In the 13th Century, I was a devout Catholic at a time when Mariology was becoming increasingly popular, and I embraced the Epicurian virtue of the Troubadours while never once straying in my belief. I even was supposedly the subject of miracles involving Mary, but whether there is any truth to this or it is merely a romantic invention from Flores Historiarum, I might never know for sure even if I do remember because I might be inclined to distrust my memories.
On the off chance I was John Dowland (which is highly speculative since it’s based on a lot of “ifs”), I was even Catholic at a time when it was an unpopular choice.
For a very long time I was a Protestant of some sort. That was almost certainly my religion in the 18th and 19th centuries, and for much of the 20th (unless I discover that John was a member of one of the many secretive Pagan groups in England at the start of the 20th century).
Now, I cannot be sure I was Philip K. Dick and I’m forever in doubt that I even possibly could have been him. But if I was, then that adds something to it because Phil was a Gnostic, a believer in a true god and in a female figure, whom the Gnostics often call Sophia. For him, Sophia was always a dark-haired girl, the image of his sister who died in infancy. But there was also a maternal, nurturing aspect to her. Both aspects can be clearly seen in the character Zina in “The Divine Invasion.” Incidentally, like me, Phil also had a rather unhappy relationship with a less-than-nurturing mother.
So what am I to make of this? If I took the lazy, a priori argument I could say that because I’ve believed across lives, it must be true because it fits my conception of truth, and I have been worshiping the same mother goddess this whole time. But I also believed in other things in past lives and in my younger years in this life that I no longer believe are true. I’ve been led astray by a priori arguments and I’ve believed in things that didn’t serve me, and to my detriment.
And yet, there’s no doubt I want to believe. I hunger for a solid reason to believe in a nurturing mother goddess, because that’s exactly the shape of the void in my life. That’s why I cry real tears when I hear Schubert’s Ave Maria. That’s why I still can’t listen to S.J. Tucker without feeling like I’ve been robbed of something I used to feel when I heard her music. That’s why my eyes and ears are still open to whatever divine force would have me.
So far, none have called, and I have no memory of Phil’s experience in 1974 which could possibly mean that the events of early 1974 were not a divine revelation, but a mental break or a ministroke after all. It could also mean that the Philip K. Dick who was born in 1928 literally died on February 20, 1974 to be replaced by an entirely new being in the same skin, a transfiguration by divine grace which would make my soul nothing but undesirable leftovers cast off during that transfiguration.
Or it could also mean that I was never him and I’m full of shit for ever thinking I was him in the first place.
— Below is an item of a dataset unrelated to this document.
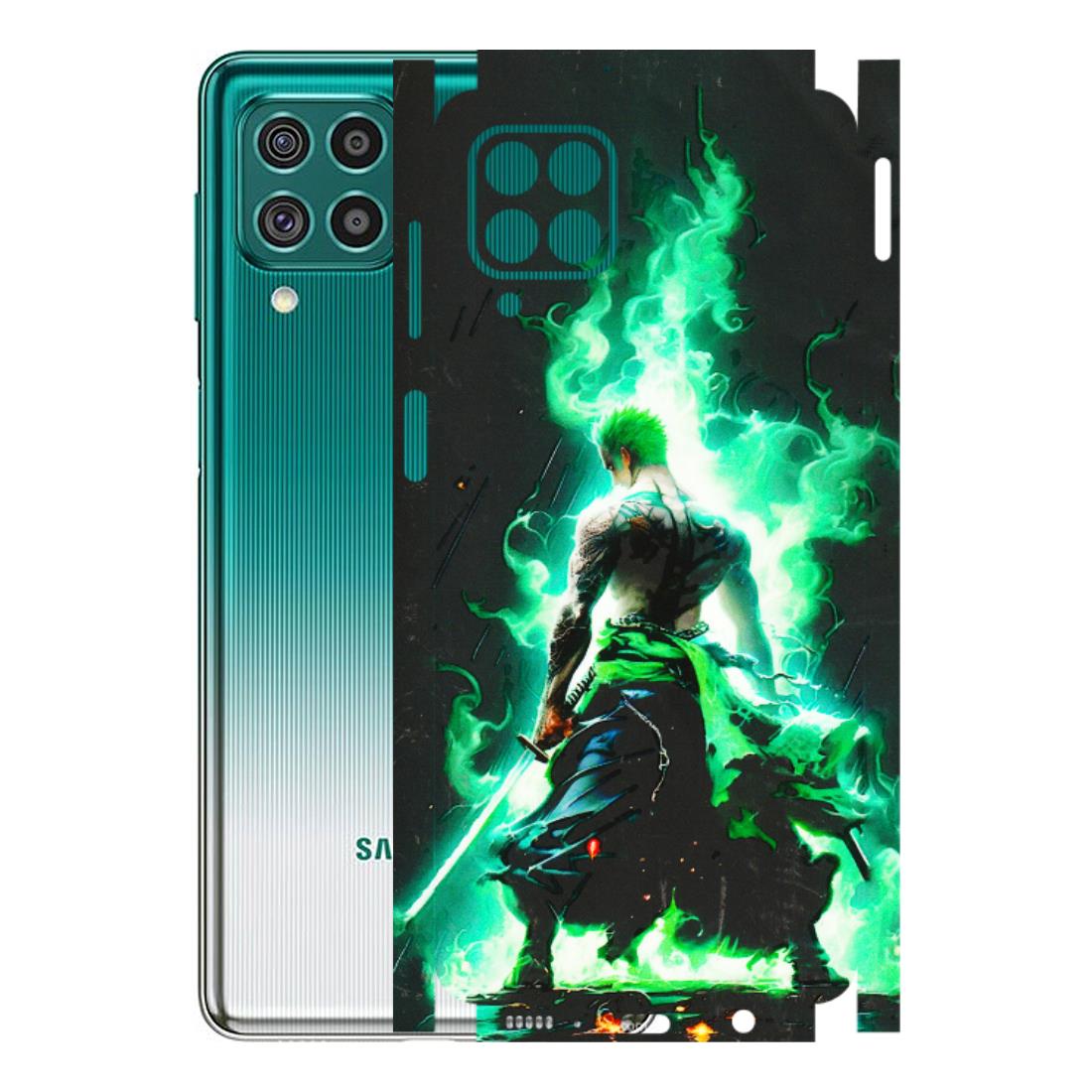 Samsung M/F/Note/Flip and C Phone Skins (All Models) - Zoro Sword - 3D Embossed Finish (L-241) Samsung Galaxy F62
Occam’s razor would certainly favor that conclusion, though it would also require me to ignore an increasingly dense cluster of weird coincidences and circumstantial evidence as if they meant nothing which, though rationally defensible, becomes difficult when the circumstantial evidence all points one direction.
Perhaps I’ll never know. Phil spent his remaining 8 years trying to figure out what was going on, and never did come closer to an answer when he died of a stroke at the age of 53. I might spend another 80 years and die of old age, having come no closer. There are some things a human lifespan is just too short to do, and working out what the truth really is behind all the smoke and mirrors is one of them. But I’d like to think that one day, I’ll know for sure if there really is a cosmic mother looking out for me.